In Judy Ellis v. M&I Bank, No. 49A05-1107-CC-334, the state’s intermediate appellate court affirmed a judgment by Marion Superior Judge Cynthia Ayres involving a property on Bayhill Way in Indianapolis. Judy and Robert Ellis owned the property in 2006 when they hired a builder, quitclaimed the property for a line of credit and were allowed to stay there by leasing for five years. The builder defaulted on the line of credit and in February 2010 the bank owner, M&I Bank, filed a mortgage foreclosure suit in Hamilton County.
The couple had filed for bankruptcy but the trustee didn’t assume the lease, and after the property was released M&I obtained the foreclosure decree and bought the home from a sheriff’s sale in late 2010. In February, the bank sought to evict the couple through a Marion County lawsuit.
The Ellises objected on grounds that a similar suit was already pending in Hamilton County and that the Marion Superior Court didn’t have personal jurisdiction, but the trial court entered an order granting possession to M&I bank.

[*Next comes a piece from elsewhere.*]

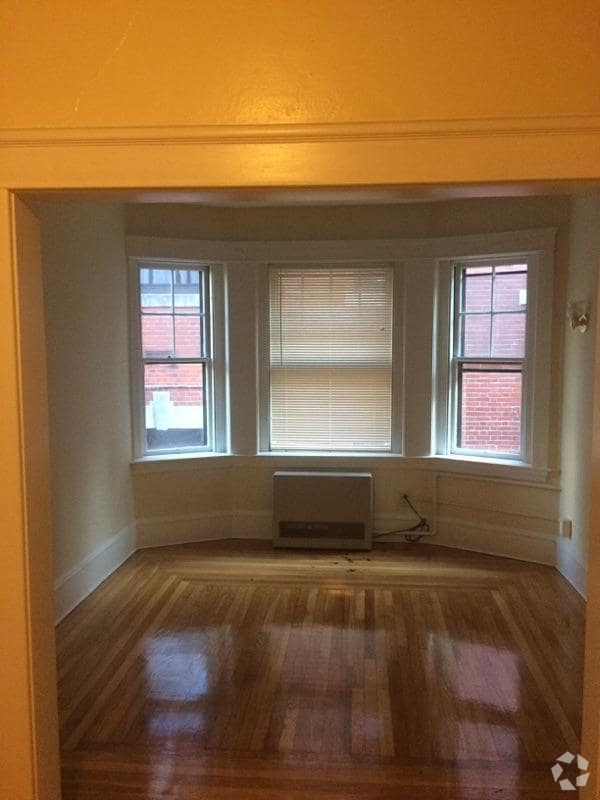 Building Photo - 110 High St Rental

The appellate judges found that the foreclosure action was separate from the eviction action because M&I had ownership rights in the property after the foreclosure was granted and the sheriff sale happened. As a result, the bank could evict the Ellises and chose to do so. The trial court didn’t abuse its discretion in denying the Ellises’ motion to correct error, and the judgment was affirmed.